Mid‑Size Business Revenue Falls as Year‑End Recovery Still Distant

Mid‑Size Business Revenue Falls as Year‑End Recovery Still Distant

The prospects for an economic rebound by the end of the year have not yet reached the mid‑size sector. According to data released by the software firm Datev and reported by the FAZ, small and medium‑sized enterprises (SMEs) recorded a 1.6 % drop in turnover in November compared with the same month a year earlier. The SME turnover index is as low as it was last time in June. Over the past year SME turnover has essentially stalled, with a slight downward tendency.

The sharp decline in December casts doubt on the idea that Germany is about to experience a positive turning point. Earlier, a surge in industrial orders and rising manufacturing output had lent some credence to that speculation. Now the Datev SME indicator suggests the outlook is far from rosy. The indicator draws directly on anonymised turnover data from SMEs, making it a first hard‑data assessment of the economic situation at year‑end.

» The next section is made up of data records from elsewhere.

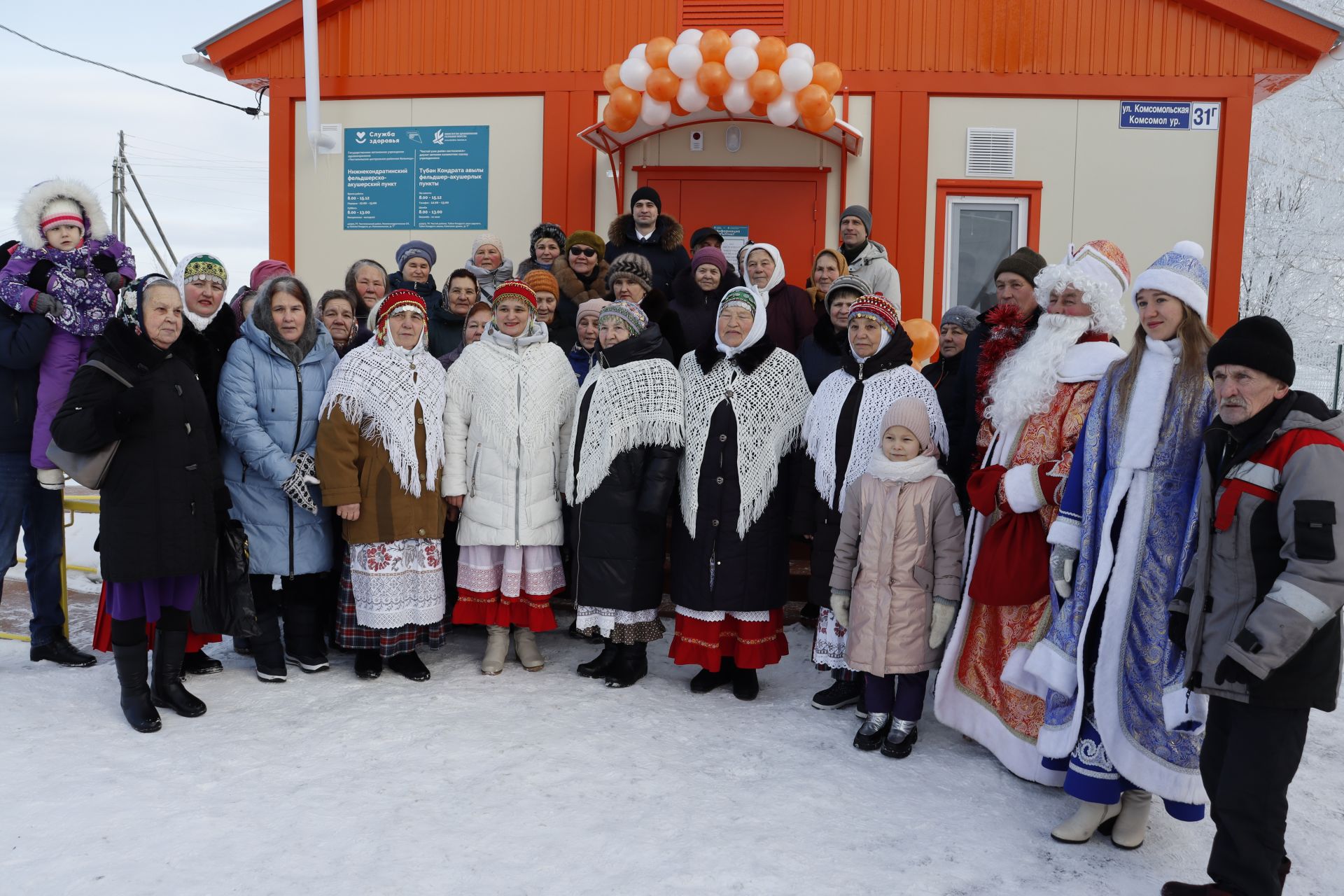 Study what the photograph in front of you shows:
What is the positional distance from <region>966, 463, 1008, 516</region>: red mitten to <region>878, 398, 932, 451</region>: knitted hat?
0.35m

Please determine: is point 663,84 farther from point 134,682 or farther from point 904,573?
point 134,682

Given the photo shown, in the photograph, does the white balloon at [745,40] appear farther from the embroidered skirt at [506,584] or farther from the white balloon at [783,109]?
the embroidered skirt at [506,584]

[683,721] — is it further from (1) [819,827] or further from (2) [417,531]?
(2) [417,531]

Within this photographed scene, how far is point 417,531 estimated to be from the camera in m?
4.35

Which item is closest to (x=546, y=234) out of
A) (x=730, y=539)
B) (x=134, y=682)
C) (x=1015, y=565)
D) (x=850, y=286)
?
(x=850, y=286)

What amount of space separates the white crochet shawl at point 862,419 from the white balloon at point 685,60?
3.20 m

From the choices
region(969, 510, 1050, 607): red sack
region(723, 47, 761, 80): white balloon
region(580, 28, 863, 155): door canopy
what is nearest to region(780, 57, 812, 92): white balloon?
region(580, 28, 863, 155): door canopy

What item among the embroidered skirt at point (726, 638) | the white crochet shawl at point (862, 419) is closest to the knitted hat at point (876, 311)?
the white crochet shawl at point (862, 419)

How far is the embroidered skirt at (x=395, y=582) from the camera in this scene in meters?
4.34

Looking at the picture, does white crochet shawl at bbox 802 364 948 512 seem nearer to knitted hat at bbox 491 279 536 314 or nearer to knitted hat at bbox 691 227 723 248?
knitted hat at bbox 491 279 536 314

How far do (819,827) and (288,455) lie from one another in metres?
2.77

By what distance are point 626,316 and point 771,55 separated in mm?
2990

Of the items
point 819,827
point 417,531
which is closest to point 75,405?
point 417,531

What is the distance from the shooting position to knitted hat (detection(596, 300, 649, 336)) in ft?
14.4
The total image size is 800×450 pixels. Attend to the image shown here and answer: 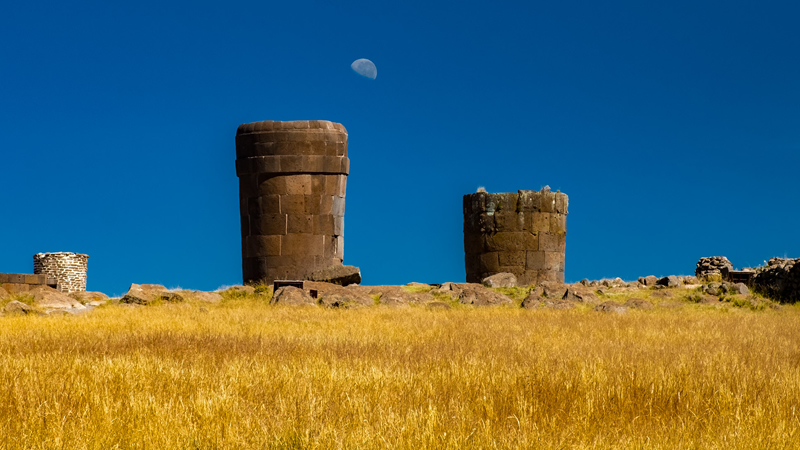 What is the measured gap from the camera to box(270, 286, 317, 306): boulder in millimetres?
15059

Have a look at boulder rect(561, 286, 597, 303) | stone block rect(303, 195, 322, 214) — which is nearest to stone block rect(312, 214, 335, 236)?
stone block rect(303, 195, 322, 214)

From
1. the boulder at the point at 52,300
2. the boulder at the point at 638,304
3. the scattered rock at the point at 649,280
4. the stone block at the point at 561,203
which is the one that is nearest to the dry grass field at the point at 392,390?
the boulder at the point at 638,304

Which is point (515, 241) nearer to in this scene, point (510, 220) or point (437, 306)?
point (510, 220)

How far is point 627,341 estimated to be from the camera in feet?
30.3

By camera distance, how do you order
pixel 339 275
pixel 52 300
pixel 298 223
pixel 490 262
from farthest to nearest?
1. pixel 490 262
2. pixel 298 223
3. pixel 339 275
4. pixel 52 300

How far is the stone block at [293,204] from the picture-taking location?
1895cm

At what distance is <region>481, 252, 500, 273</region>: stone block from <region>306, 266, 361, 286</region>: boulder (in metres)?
3.39

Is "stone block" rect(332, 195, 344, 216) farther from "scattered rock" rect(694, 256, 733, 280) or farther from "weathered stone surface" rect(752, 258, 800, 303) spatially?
"scattered rock" rect(694, 256, 733, 280)

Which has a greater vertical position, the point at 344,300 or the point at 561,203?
the point at 561,203

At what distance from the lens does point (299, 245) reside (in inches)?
751

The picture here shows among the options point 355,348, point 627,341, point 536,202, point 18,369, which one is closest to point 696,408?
point 355,348

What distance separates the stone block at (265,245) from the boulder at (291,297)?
3220mm

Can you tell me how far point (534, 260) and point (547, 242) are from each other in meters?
0.59

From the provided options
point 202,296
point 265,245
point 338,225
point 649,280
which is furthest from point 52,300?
point 649,280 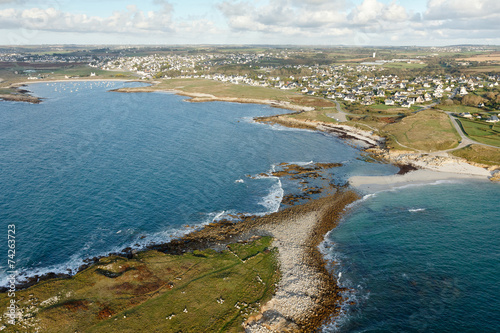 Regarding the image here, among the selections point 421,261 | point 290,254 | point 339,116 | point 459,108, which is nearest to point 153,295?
point 290,254

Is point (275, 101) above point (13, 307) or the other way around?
above

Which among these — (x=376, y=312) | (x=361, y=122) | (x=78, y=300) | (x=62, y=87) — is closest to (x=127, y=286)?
(x=78, y=300)

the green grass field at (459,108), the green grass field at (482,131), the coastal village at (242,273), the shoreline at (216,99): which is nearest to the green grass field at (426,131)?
the coastal village at (242,273)

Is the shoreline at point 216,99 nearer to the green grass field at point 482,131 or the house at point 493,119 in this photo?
the green grass field at point 482,131

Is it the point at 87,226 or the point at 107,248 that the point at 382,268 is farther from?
the point at 87,226

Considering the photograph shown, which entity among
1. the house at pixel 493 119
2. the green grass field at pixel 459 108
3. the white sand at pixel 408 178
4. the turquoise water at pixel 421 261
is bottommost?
the turquoise water at pixel 421 261

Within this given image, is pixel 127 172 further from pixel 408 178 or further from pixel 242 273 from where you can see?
pixel 408 178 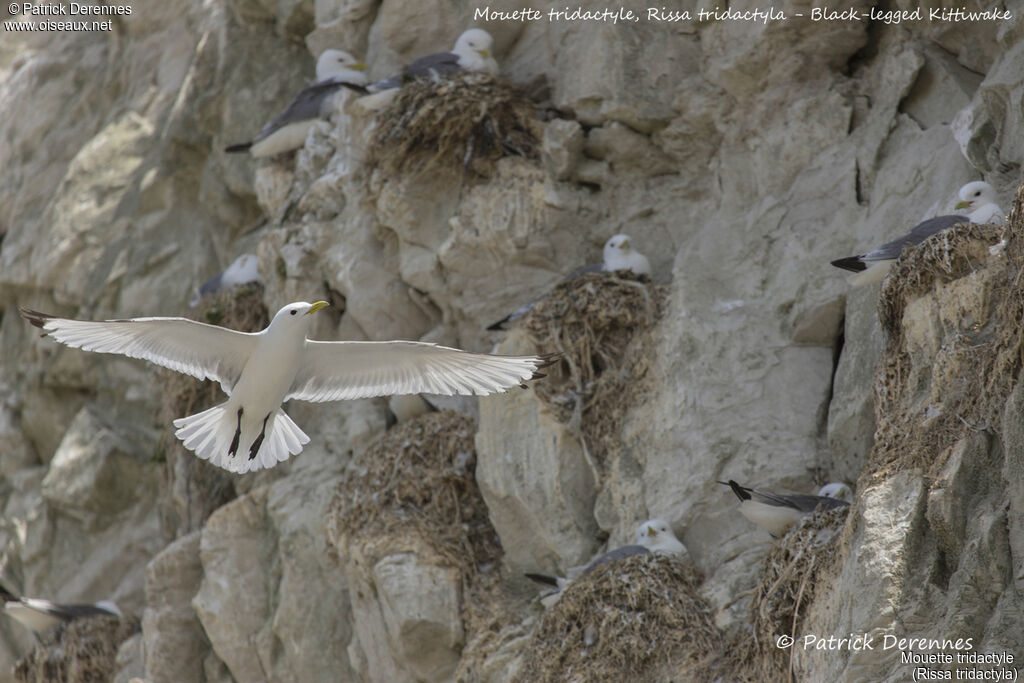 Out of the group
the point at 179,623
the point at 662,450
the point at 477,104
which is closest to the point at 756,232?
the point at 662,450

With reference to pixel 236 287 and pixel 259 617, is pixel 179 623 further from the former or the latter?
pixel 236 287

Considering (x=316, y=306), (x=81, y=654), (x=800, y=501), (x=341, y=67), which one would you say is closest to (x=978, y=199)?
(x=800, y=501)

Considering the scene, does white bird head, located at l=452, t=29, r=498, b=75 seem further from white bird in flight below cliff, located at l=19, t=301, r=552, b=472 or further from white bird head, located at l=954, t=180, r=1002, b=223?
white bird head, located at l=954, t=180, r=1002, b=223

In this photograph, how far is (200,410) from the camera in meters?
10.7

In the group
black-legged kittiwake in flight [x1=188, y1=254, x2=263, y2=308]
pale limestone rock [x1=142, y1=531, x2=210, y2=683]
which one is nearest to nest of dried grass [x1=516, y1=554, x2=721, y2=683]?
pale limestone rock [x1=142, y1=531, x2=210, y2=683]

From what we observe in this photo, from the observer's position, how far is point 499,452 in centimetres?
845

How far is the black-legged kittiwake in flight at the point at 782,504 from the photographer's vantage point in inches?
264

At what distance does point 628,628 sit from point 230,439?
2506 mm

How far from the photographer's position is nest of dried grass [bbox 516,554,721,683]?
684 centimetres

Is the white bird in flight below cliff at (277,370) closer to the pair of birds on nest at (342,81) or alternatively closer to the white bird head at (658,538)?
the white bird head at (658,538)

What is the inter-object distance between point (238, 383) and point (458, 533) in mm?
1840

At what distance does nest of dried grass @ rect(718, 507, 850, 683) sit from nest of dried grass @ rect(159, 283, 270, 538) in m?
5.23

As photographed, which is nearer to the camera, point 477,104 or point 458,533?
point 458,533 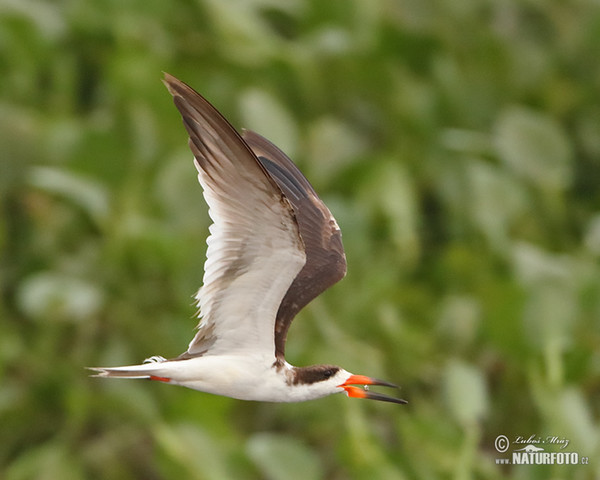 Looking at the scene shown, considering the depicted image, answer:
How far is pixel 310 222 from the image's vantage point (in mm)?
2467

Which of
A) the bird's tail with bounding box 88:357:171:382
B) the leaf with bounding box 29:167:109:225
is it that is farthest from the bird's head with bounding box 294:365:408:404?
the leaf with bounding box 29:167:109:225

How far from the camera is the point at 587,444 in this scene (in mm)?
3037

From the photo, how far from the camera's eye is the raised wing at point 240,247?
1.79 m

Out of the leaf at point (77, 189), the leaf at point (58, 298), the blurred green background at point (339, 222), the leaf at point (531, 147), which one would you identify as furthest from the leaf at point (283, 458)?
the leaf at point (531, 147)

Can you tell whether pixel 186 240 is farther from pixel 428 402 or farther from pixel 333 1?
pixel 333 1

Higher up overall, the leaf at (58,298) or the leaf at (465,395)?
the leaf at (58,298)

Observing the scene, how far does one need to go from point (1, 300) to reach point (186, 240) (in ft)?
2.16

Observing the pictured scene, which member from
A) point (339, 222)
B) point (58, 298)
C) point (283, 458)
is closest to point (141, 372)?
point (283, 458)

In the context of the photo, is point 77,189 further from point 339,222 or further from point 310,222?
point 310,222

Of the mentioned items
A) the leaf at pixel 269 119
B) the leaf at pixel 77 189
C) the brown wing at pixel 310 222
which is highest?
the leaf at pixel 269 119

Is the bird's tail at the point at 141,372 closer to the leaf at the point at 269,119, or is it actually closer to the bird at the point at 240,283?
the bird at the point at 240,283

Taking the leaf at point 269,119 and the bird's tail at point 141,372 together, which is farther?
the leaf at point 269,119

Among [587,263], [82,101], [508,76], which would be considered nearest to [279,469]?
[587,263]

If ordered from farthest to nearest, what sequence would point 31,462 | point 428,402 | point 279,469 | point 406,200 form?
point 406,200, point 428,402, point 31,462, point 279,469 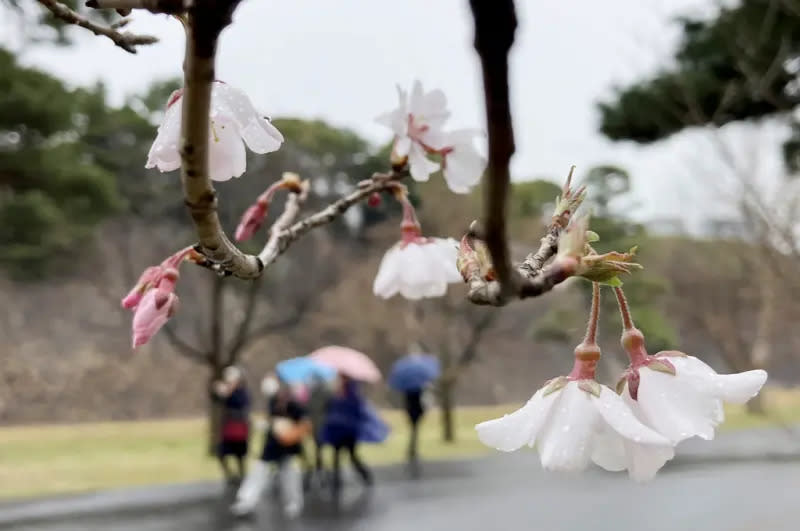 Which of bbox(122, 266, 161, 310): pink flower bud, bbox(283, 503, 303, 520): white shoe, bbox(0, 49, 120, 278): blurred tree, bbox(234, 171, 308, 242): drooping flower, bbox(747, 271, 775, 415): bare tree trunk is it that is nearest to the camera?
bbox(122, 266, 161, 310): pink flower bud

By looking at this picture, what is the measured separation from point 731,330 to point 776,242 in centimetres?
312

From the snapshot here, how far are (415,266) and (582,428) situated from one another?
1.06ft

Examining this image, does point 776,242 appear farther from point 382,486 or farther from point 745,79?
point 382,486

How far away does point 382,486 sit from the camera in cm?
615

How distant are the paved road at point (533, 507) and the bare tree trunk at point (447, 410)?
2839 millimetres

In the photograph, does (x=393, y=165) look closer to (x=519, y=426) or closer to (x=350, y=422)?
(x=519, y=426)

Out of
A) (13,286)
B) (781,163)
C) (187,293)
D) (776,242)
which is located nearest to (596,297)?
(776,242)

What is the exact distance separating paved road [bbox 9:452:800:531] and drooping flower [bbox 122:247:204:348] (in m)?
3.81

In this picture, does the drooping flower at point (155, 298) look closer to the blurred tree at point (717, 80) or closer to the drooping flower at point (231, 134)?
the drooping flower at point (231, 134)

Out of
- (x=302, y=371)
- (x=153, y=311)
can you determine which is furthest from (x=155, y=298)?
(x=302, y=371)

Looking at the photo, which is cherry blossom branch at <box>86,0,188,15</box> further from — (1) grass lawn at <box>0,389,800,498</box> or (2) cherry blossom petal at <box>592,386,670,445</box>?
(1) grass lawn at <box>0,389,800,498</box>

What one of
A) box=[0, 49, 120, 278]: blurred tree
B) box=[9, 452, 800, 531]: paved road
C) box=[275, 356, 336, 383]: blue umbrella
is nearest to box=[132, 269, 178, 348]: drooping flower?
box=[9, 452, 800, 531]: paved road

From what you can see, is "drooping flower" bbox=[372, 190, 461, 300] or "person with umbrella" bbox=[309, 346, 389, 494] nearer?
"drooping flower" bbox=[372, 190, 461, 300]

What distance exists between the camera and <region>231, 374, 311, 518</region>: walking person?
471 cm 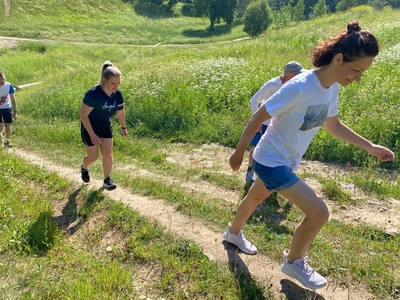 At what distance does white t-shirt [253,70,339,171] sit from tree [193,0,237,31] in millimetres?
57642

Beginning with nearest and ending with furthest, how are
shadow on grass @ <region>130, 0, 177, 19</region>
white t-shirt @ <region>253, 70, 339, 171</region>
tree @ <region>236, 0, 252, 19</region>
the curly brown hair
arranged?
the curly brown hair
white t-shirt @ <region>253, 70, 339, 171</region>
shadow on grass @ <region>130, 0, 177, 19</region>
tree @ <region>236, 0, 252, 19</region>

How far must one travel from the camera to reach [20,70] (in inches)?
829

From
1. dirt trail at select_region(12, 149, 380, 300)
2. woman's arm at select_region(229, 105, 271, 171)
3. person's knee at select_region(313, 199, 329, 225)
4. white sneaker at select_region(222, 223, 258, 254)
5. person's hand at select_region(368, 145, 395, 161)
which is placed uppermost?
woman's arm at select_region(229, 105, 271, 171)

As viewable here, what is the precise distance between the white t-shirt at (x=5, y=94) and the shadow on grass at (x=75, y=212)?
472 cm

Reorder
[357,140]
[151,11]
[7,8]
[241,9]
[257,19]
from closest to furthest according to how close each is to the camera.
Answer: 1. [357,140]
2. [257,19]
3. [7,8]
4. [241,9]
5. [151,11]

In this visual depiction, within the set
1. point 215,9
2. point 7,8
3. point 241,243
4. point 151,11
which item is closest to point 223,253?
point 241,243

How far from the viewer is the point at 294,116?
2.97m

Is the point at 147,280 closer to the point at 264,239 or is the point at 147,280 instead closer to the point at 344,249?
the point at 264,239

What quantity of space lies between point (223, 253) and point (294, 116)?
5.56 feet

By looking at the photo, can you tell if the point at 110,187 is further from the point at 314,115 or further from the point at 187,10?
the point at 187,10

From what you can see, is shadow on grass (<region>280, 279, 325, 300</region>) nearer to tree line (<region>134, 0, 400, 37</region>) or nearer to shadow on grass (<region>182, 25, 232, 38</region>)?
tree line (<region>134, 0, 400, 37</region>)

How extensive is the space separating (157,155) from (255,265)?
4.18 metres

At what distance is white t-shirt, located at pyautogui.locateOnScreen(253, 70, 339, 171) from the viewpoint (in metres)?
2.89

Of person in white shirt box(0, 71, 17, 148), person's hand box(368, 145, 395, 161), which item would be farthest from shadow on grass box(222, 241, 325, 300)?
person in white shirt box(0, 71, 17, 148)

All sectors except construction reported falling sales, and retail did not benefit from the usual Christmas rush. Robert Mayr, managing director of the Datev cooperative, described 2025 as “a lost year for the mid‑size sector”. Smallest firms in particular felt the ongoing reluctance to spend, rising costs, and the broader structural shift.

The weak conditions for SMEs are mirrored in employment trends. In the seasonally adjusted employment sub‑index, the figure fell 0.4 % from the previous month. Job losses were most pronounced in manufacturing and hospitality. The wage‑development indicator shows continuing cost pressure: monthly wages and salaries for SMEs rose 3.8 % year over year, exceeding inflation.